Yield 4 Servings
Number Of Ingredients 17
Steps:
- Preheat the oven to 375 F. Bring a large saucepan of salted water to the boil, add chopped broccoli and cauliflower. Boil 5 to 6 min, until cooked, then drain in a colander, reserving the cooking water. Heat a wide saucepan, pour in a couple of good glugs of olive oil and add the garlic. Fry a few seconds, add thyme leaves, anchovies, anchovy oil, chiles. Continue frying for a few seconds more before adding the cooked broccoli and cauliflower. Put a lid on the pan leaving a gap, cook slowly for 15 to 20 minutes, stirring regularly. Remove the lid for the last 5 minutes, then use a potato masher to crush the vegetables. Spread the mixture on a baking sheet to cool. Meanwhile, get yourself another baking dish or roasting pan and pour in the tomato sauce with a pinch of salt and a swig of red wine vinegar. Now, to make a really quick and easy white sauce, mix the creme fraiche with half the Parmesan, a sprinkling of salt and pepper and a little of the reserved cooking water to thin it down.
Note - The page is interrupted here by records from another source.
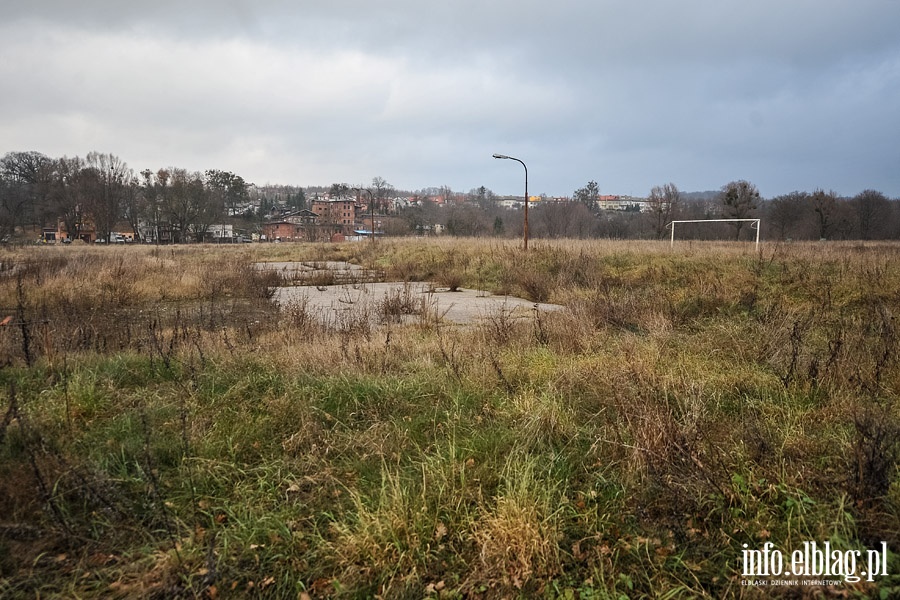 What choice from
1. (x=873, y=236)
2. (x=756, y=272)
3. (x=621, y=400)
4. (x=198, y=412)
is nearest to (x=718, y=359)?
(x=621, y=400)

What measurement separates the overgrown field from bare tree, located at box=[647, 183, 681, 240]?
5320 cm

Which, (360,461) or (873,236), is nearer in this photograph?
(360,461)

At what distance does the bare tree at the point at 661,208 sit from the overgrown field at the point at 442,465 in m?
53.2

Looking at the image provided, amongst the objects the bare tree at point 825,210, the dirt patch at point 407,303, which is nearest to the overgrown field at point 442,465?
the dirt patch at point 407,303

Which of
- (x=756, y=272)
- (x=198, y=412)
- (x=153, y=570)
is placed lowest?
(x=153, y=570)

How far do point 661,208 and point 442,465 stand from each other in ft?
194

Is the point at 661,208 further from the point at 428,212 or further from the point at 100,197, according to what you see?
the point at 100,197

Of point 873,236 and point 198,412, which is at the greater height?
point 873,236

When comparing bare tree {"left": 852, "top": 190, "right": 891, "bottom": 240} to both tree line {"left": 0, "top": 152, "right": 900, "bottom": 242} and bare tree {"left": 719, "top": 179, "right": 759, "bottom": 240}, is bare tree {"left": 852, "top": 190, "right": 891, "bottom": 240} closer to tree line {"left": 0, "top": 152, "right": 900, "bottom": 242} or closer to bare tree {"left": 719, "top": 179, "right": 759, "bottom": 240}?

Spoon your cooled broccoli and cauliflower mixture into a large sandwich bag and cut off the corner. Twist the top of the bag and squeeze it to pipe the filling into the cannelloni tubes. Fill the tubes up and place them in a single layer on top of the sauce. Lay the basil leaves over the cannelloni and spoon your white sauce evenly over the top. Season with black pepper, sprinkle over the remaining Parmesan and tear over the mozzarella. Drizzle with extra-virgin olive oil and bake in the preheated oven for 30 to 40 minutes, or until golden and bubbling on top.